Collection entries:
○ ○ ○ ○
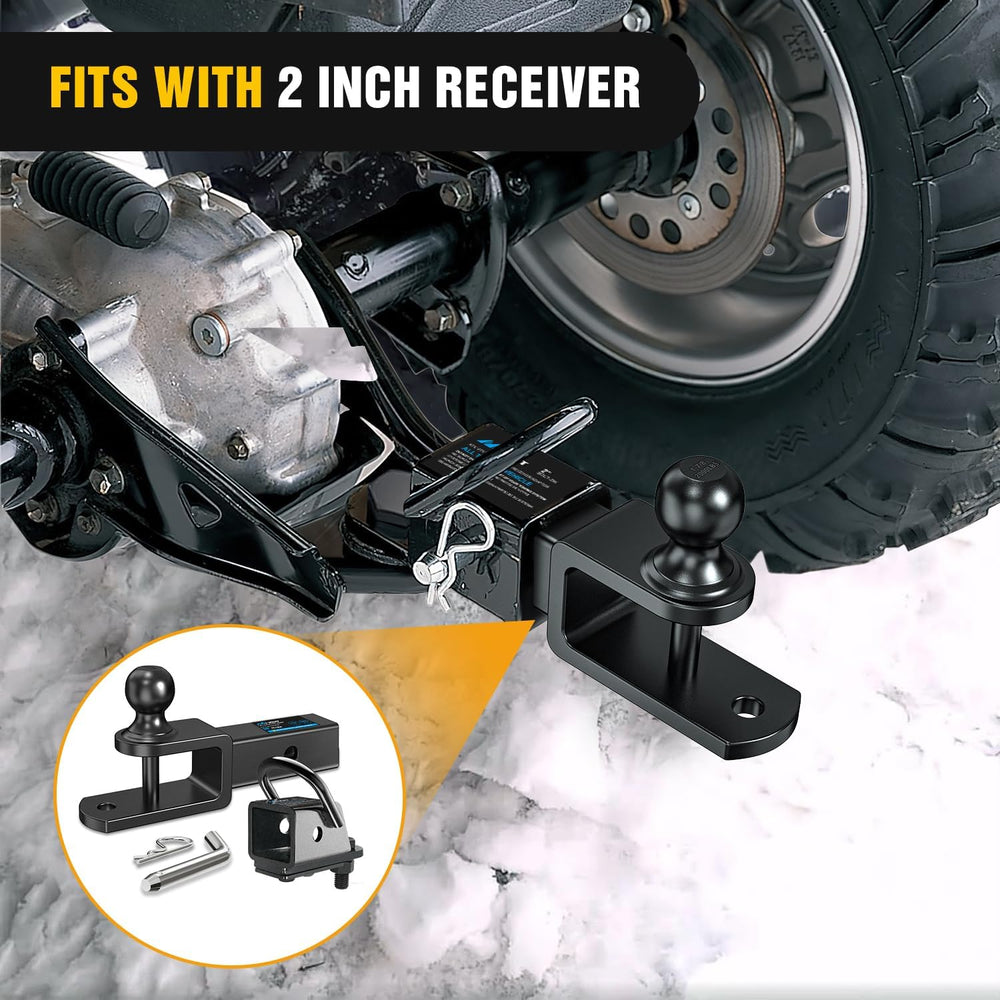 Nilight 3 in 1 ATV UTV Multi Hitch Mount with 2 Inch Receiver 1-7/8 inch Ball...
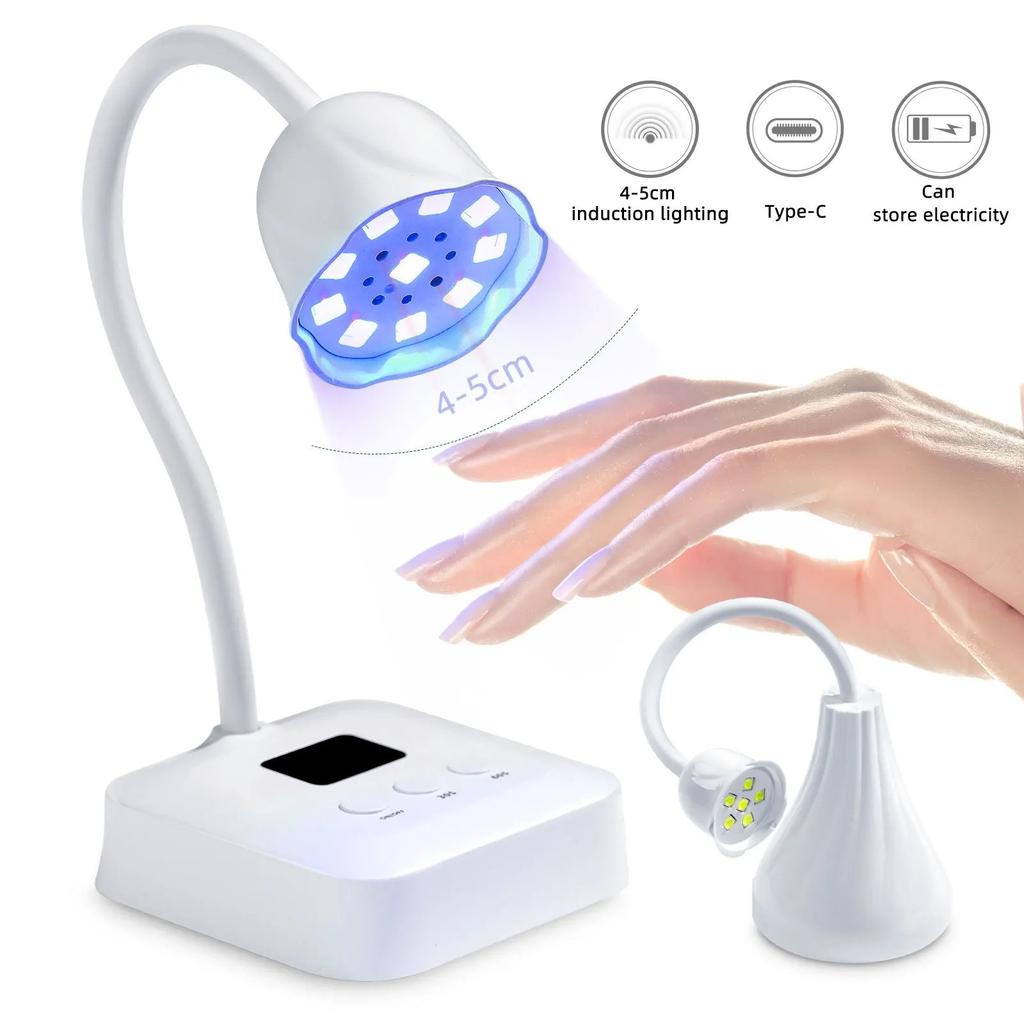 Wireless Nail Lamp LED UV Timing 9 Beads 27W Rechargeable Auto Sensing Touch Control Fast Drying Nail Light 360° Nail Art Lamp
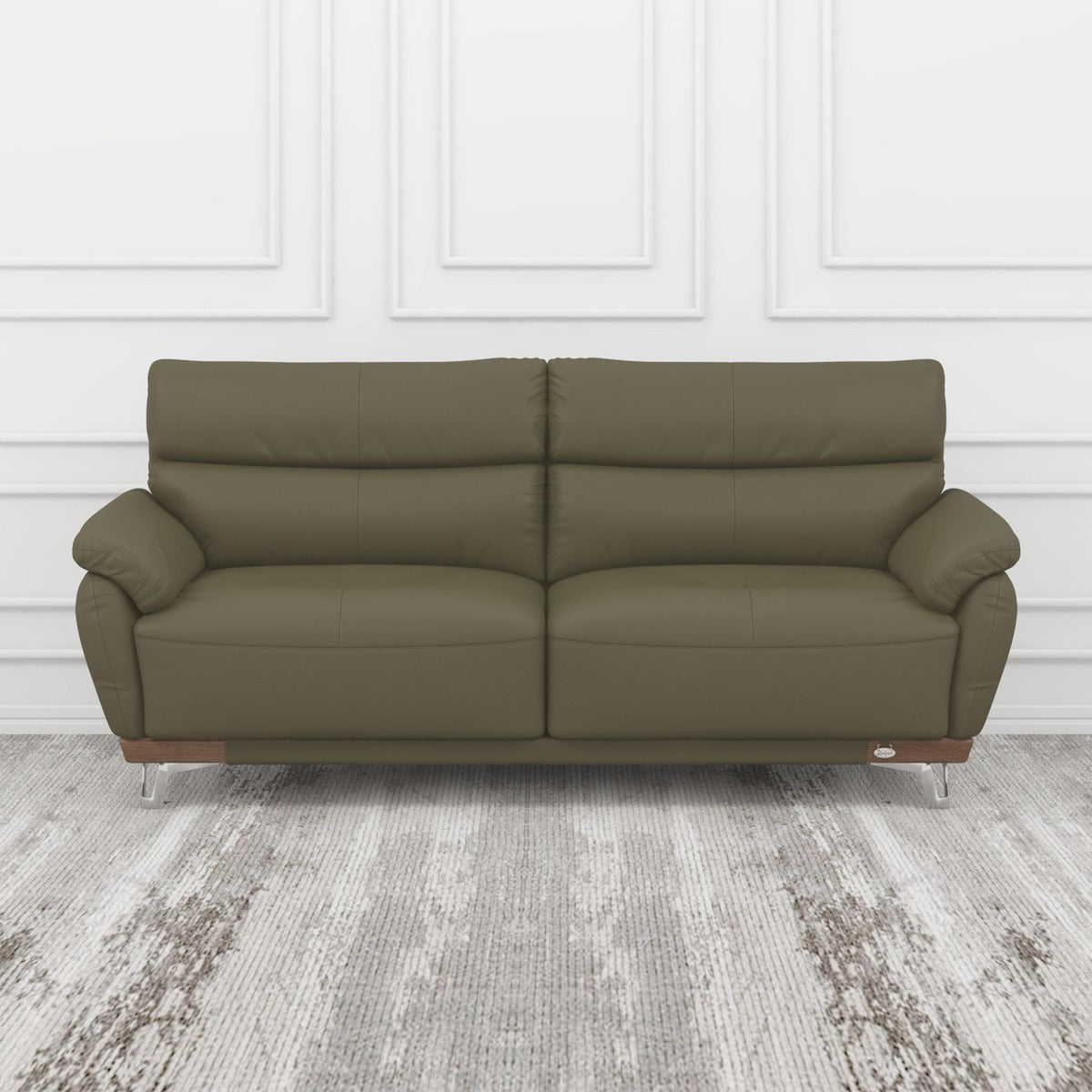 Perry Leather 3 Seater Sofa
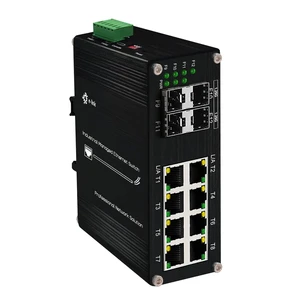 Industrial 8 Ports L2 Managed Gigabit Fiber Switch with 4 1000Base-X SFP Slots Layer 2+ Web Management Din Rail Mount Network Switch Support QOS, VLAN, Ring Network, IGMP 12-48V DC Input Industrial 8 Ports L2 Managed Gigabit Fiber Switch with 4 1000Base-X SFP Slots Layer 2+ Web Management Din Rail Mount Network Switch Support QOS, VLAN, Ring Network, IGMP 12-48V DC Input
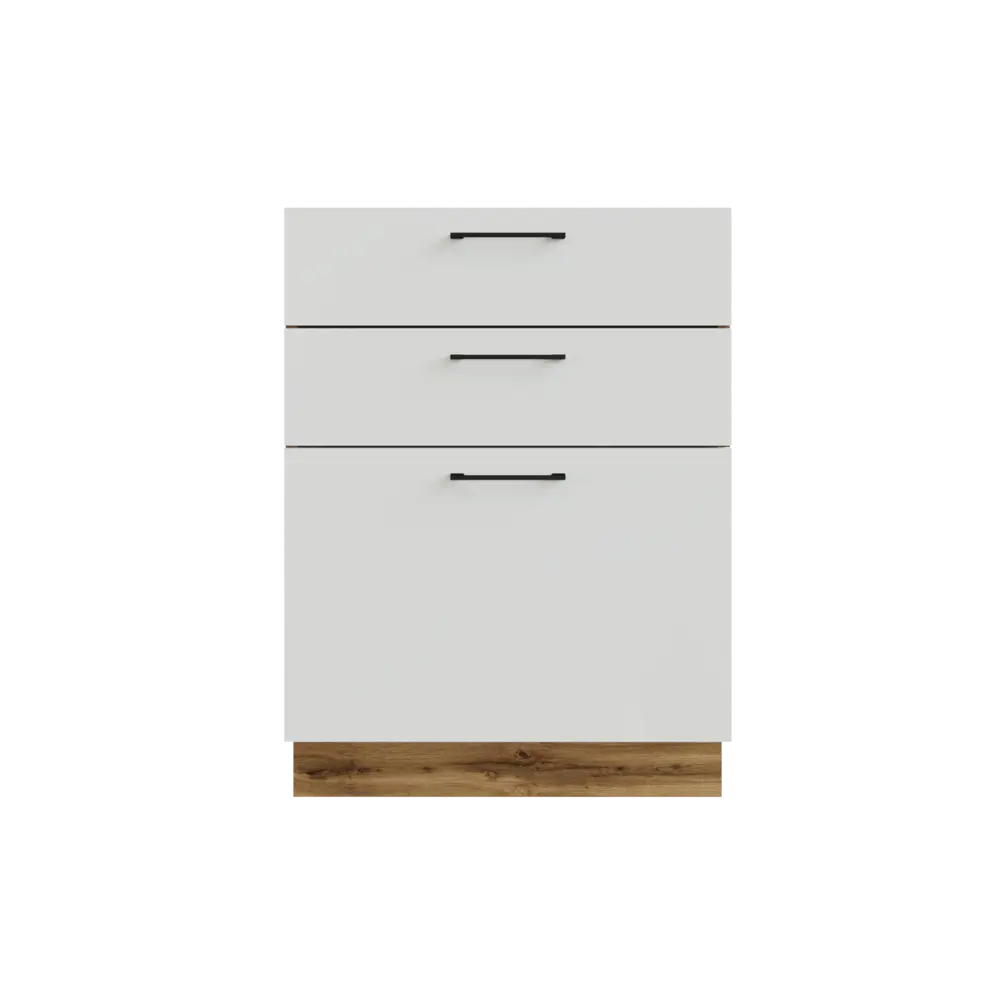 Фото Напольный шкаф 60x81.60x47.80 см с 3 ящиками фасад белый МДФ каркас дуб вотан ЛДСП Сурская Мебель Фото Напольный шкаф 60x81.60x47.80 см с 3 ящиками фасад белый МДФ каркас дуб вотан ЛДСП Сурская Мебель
○ ○ ○ ○
An exact copy of all the lines above is required, with the pictures removed.

 Nilight 3 in 1 ATV UTV Multi Hitch Mount with 2 Inch Receiver 1-7/8 inch Ball...
 Wireless Nail Lamp LED UV Timing 9 Beads 27W Rechargeable Auto Sensing Touch Control Fast Drying Nail Light 360° Nail Art Lamp
 Perry Leather 3 Seater Sofa
 Industrial 8 Ports L2 Managed Gigabit Fiber Switch with 4 1000Base-X SFP Slots Layer 2+ Web Management Din Rail Mount Network Switch Support QOS, VLAN, Ring Network, IGMP 12-48V DC Input Industrial 8 Ports L2 Managed Gigabit Fiber Switch with 4 1000Base-X SFP Slots Layer 2+ Web Management Din Rail Mount Network Switch Support QOS, VLAN, Ring Network, IGMP 12-48V DC Input
 Фото Напольный шкаф 60x81.60x47.80 см с 3 ящиками фасад белый МДФ каркас дуб вотан ЛДСП Сурская Мебель Фото Напольный шкаф 60x81.60x47.80 см с 3 ящиками фасад белый МДФ каркас дуб вотан ЛДСП Сурская Мебель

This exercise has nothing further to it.